İçeriğe atla

Neccarzade Mustafa Rıza Efendi

Osmanlı döneminde yaşamış sufi, şair, hattat ve mesnevihan.

Hayatı

1679'da Giresun'un Şebinkarahisar ilçesinde doğdu. Daha sonra ailesi ile İstanbul'un Üsküdar ilçesine göç etmişlerdir. Neccarzade lakabının sebebi babası İbrahim Efendi'nin köprü inşasındaki ustalığından kaynaklanmaktadır.

İlk eğitimi Üsküdar'daki hocalardan almıştır. Aziz Mahmud Hüdai Âsitanesi şeyhi Yakub Afvî'nin tavsiyesiyle onun babası Odabaşı şeyhi Celvetiyye tarikatına mensup Mustafa Fenayi'nin derslerine ve sohbetlerine devam etmiş ve ondan ardıllık (halifelik) veya üstatlık icazeti almıştır. Beşiktaş Mevlevihânesi şeyhi Mesnevihan Mehmed Memiş Efendi'den (ö.1723) Mesnevi okumuş ve ondan da Mesnevi okutma icazetnamesi almıştır.

Osmanlı-Rus savaşına da katılmış olan Rıza Efendi savaşın bitiminden sonra Edirne'ye gitmiştir.
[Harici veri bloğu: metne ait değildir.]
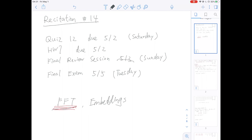Welcome to recitation 14. Let's start with some announcements. This is the last recitation of the semester. Quiz 12 is going to be due this Saturday. Homework 7 is also due this Saturday. The final exam review session is this Sunday — check Piazza for the exact time. The final exam is going to be next Tuesday.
Edirne'de Arapzade Muhammed İlmi eliyle Nakşibendi tarikatının Müceddidiyye koluna bağlanmıştır ve ondan da Müceddidiye icazeti almıştır.
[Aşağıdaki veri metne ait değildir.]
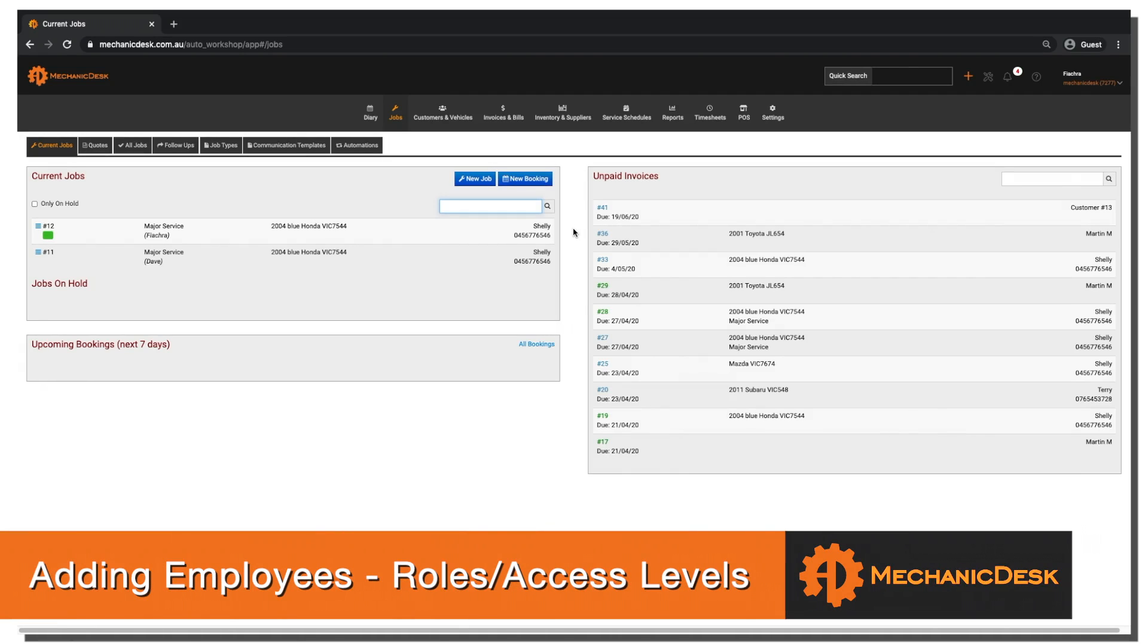Welcome to the Mechanic Desk help videos. In this tutorial we will go over the creation of a new employee and the differences between roles/access levels.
Neccarzade Edirne'den İstanbul'a dönmüş ve Beşiktaş'ta Sinan Paşa Tekkesi/Neccarzade Tekkesinde postnişin olmuş. Günümüzde sadece Sinan Paşa Camisinin yerinde olduğu ve tekke kısmının yıkıldığı bu yerde tasavvufi eğitim vermeye devam etmiştir.
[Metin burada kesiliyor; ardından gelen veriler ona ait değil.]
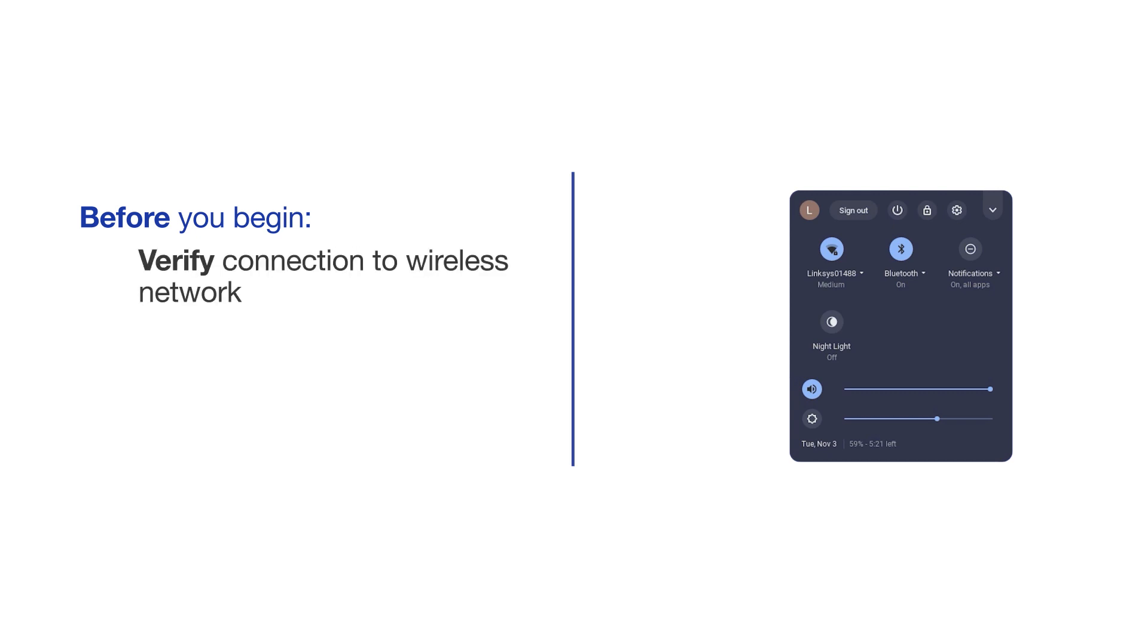Before installing, you'll need to make sure that your Brother device is set up on your wireless network. For instructions on wireless setup, follow the link on the screen.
1744'te hastalanmış ve iki yıl süren hastalığı 1746'da vefatıyla neticelenmiştir.

Tasavvufi Görüşü

Mustafa Rıza Efendi Nakşibendi-Müceddidiye bağlı bir sufidir. Müntesibi olduğu yolda Muhyiddin Arabi yerine İmam Rabbani'nin Vahdet-i Şuhud görüşü ağırlıklı olarak benimsenmektedir. Ancak Mustafa Rıza Efendi dahil olduğu sufi yoldan farklı olarak Muhyiddin Arabi'nin vahdet-i vücud görüşünü benimsemiştir.

Mustafa Rıza Efendi bir şiirinde bu bağlılığı Muhyiddin Arabi'yi kendi şeyhiyle birlikte zikrettiği şiirinde şu şekilde ifade etmiştir.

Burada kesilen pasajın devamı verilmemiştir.